Key practices: - Docs as code: Documentation lives in the repository, is reviewed in PRs, and is checked by CI - ADRs preserve the why behind architectural decisions, preventing teams from rehashing the same debates - OpenAPI provides a machine-readable API contract that enables auto-generated interactive documentation - C4 model provides a consistent, layered approach to architecture diagrams - Runbooks reduce incident duration by giving on-call engineers clear, step-by-step guidance - Documentation rot is inevitable without ownership, scheduled reviews, and integration into the development workflow

Practice Exercises¶

ADR Writing: Choose a technology decision you have made or are familiar with (e.g., "use Redis for caching," "use REST instead of GraphQL"). Write a complete ADR for that decision in Nygard format, including context, the decision, at least two rejected alternatives with reasons, and concrete positive and negative consequences.
README Audit: Find an open-source project on GitHub with a README you think is poor. Identify specifically what is missing or unclear. Write a revised README outline for the project, with section headings and brief notes on what each section should contain.

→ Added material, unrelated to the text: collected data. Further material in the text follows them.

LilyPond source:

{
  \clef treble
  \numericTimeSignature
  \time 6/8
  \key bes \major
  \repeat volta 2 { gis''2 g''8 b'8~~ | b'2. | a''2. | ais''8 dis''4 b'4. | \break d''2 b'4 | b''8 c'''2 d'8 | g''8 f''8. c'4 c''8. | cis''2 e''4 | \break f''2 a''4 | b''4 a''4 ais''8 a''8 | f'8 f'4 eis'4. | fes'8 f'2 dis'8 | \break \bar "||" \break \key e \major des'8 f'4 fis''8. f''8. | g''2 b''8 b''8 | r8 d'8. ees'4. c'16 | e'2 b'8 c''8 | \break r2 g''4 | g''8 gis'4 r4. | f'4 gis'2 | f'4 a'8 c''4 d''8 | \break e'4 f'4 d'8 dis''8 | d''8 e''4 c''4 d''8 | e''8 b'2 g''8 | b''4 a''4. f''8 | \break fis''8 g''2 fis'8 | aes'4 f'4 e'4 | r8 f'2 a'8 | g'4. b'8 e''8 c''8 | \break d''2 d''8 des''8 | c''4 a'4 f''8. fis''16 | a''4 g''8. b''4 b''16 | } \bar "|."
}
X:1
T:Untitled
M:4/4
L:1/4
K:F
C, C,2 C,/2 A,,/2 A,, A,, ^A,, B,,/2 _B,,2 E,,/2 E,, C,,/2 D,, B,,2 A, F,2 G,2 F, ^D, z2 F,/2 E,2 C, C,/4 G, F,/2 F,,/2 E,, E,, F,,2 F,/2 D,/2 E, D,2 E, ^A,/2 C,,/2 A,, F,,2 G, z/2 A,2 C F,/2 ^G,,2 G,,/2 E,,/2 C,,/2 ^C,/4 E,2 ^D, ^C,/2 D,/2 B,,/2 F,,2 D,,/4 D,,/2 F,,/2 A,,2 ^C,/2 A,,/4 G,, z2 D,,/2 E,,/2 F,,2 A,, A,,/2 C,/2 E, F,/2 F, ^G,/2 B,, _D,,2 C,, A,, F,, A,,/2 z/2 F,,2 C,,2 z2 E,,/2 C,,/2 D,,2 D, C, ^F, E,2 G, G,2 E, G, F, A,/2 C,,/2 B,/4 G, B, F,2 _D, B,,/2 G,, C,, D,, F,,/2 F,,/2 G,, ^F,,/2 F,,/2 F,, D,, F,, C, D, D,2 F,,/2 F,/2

Runbook Creation: Pick a common failure mode you have encountered (database connection error, disk full, service restart loop). Write a complete runbook for that alert, including diagnosis steps with actual commands, mitigation steps ordered by risk, and escalation criteria.
API Documentation: Design the OpenAPI specification for a simple bookmarking API with three endpoints: create bookmark, list bookmarks (with tag filtering), and delete bookmark. Include request/response schemas and at least one example per operation.
Documentation Rot Analysis: Examine a documentation source you have access to (your team's wiki, a project's README, API docs). Identify three specific examples of documentation rot. For each, describe: what is wrong, how a reader would be misled, and what process change would prevent the rot from recurring.